I almost never drink bottled water; it seems like a waste of good plastic. But Fiji Water has apparently become something of a status symbol among the celebrity-industrial complex, as featured in photo opportunities of everyone from Barack Obama to Paris Hilton to Arianna Huffington. But it's become even harder to justify guzzling the stuff after reading Anna Lenzer's ominous exposé of the company in the latest issue of Mother Jones. Fiji Water, it turns out, is co-owned by a major liberal donor, Lynda Resnick, yet bottled in a military dictatorship that goes so far as to question and detain anyone who dares to criticize the brand – including the reporter herself.
What followed, in a windowless room at the main police station, felt like a bad cop movie. "Who are you really?" the bespectacled inspector wearing a khaki uniform and a smug grin asked me over and over, as if my passport, press credentials, and stacks of notes about Fiji Water weren't sufficient clues to my identity. (My iPod, he surmised tensely, was "good for transmitting information.") I asked him to call my editors, even a UN official who could vouch for me. "Shut up!" he snapped. He rifled through my bags, read my notebooks and emails. "I'd hate to see a young lady like you go into a jail full of men," he averred, smiling grimly. "You know what happened to women during the 2000 coup, don't you?"

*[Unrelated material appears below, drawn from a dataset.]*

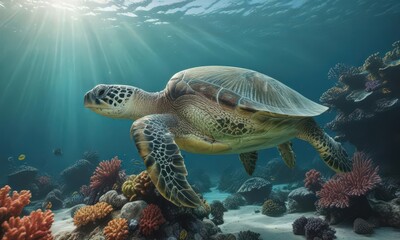 Obraz premium A majestic green sea turtle explores a dazzling coral reef in a breathtaking underwater scene , ocean, marine life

Eventually, it dawned on me that his concern wasn't just with my potentially seditious emails; he was worried that my reporting would taint the Fiji Water brand. "Who do you work for, another water company? It would be good to come here and try to take away Fiji Water's business, wouldn't it?" Then he switched tacks and offered to protect me—from other Fijian officials, who he said would soon be after me—by letting me go so I could leave the country. I walked out into the muggy morning, hid in a stairwell, and called a Fijian friend. Within minutes, a US Embassy van was speeding toward me on the seawall.